GPs: Increased due diligence a drag on deals

More than half of fund managers say enhanced due diligence is making the investment process considerably longer, according to a recent study.

GPs are taking longer to complete deals as they vet target companies more thoroughly than ever before, a survey from valuation specialists Duff & Phelps found.

More than half (55 percent) of the 75 private equity executive respondents indicated that the median time to complete a transaction from start to finish takes about seven to nine months these days. Recent figures from “Big Four” audit firm EY found that all mergers and acquisitions (including buyouts) took on average 52 days in 2012 compared to 48 days in 2011 and 47 days in 2010.

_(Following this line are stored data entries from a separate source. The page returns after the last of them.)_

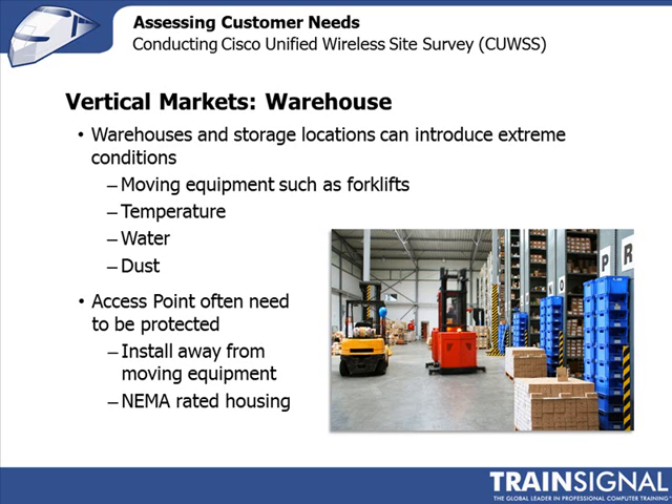Much like manufacturing, warehouses can expose equipment to extreme conditions such as dust, and sometimes things get hosed down depending on what's stored there. You may need to house your access point in a protective enclosure. Also think about how signal propagation changes when shelves are fully stocked versus empty, as that can significantly affect your network planning.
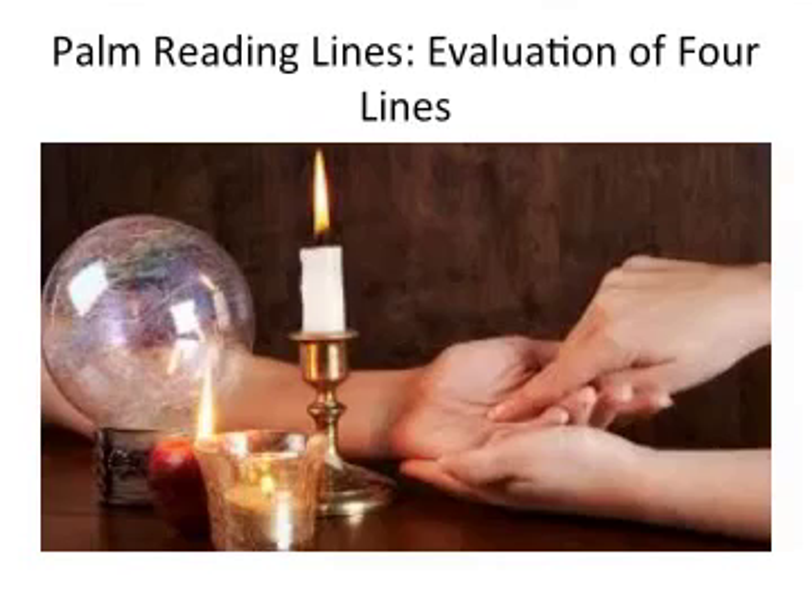Hey there, Jeff here, and today I want to talk to you real quick about the palmistry reading lines and how you can evaluate the four different lines.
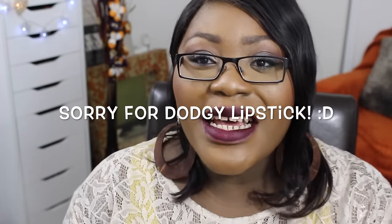Hi guys, hope everyone is doing well. Today's video I'm coming to talk about some liquid lipsticks that have had so much hype in terms of anticipation — I'm talking about these liquid lipsticks from MAC.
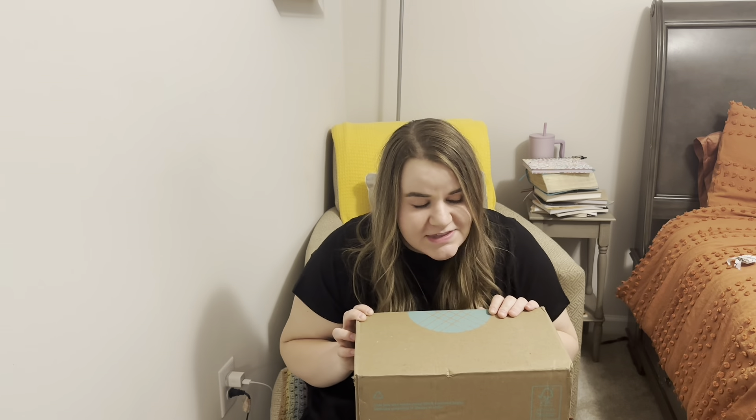Hello everyone, welcome back to my channel, and welcome if you're new here. My name is Haley and today is Stitch Fix Day. I'm so excited because this is a first — the first time ever I picked all five items in my fix from my preview. Every single one was in my preview. It was such a good preview and I'm so excited.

“The depth and method of due diligence has changed over the last few years,” said a principal from a US-based firm in the Duff & Phelps survey. “Since the recession, every investor wants to ensure they have made the right investment decision by collecting and studying all the important information about the target prior to completing a transaction.”

More than half of US and Canada-based respondents said due diligence is the foremost reason for longer transaction times. A third of Europe and Asia-Pacific-based respondents also said a longer due diligence process as the greatest reason for protracted deal processes.

Aside from taking longer to assess a target’s value through the due diligence process, longer timelines are also a way to make sure that all regulatory hurdles are addressed, the survey said. More than a quarter of respondents (28 percent) think that regulatory and compliance risks are the top two challenges faced by private equity firms. “The regulatory requirements have risen significantly, increasing the complexity of the due diligence process and delaying transactions,” said a Europe-based private equity director in the survey.

Another challenging aspect of today’s dealmaking climate is facing other GPs at the boardroom table, a situation that crops up fairly regularly, researchers in the survey said. Respondents are almost equally split between obtaining a fairness opinion and letting an investment committee decide on the value of the deal. Obtaining a fairness opinion, which evaluates facts compiled about a deal to determine whether the offered price for an acquisition is fair, is a way to mitigate future litigation costs.

“Without a fairness opinion, it gets rather tough to handle transactions that involve funds on opposite sides of the deal and to balance the different opinions of partners and founders,” said a partner at a Europe-based private equity firm.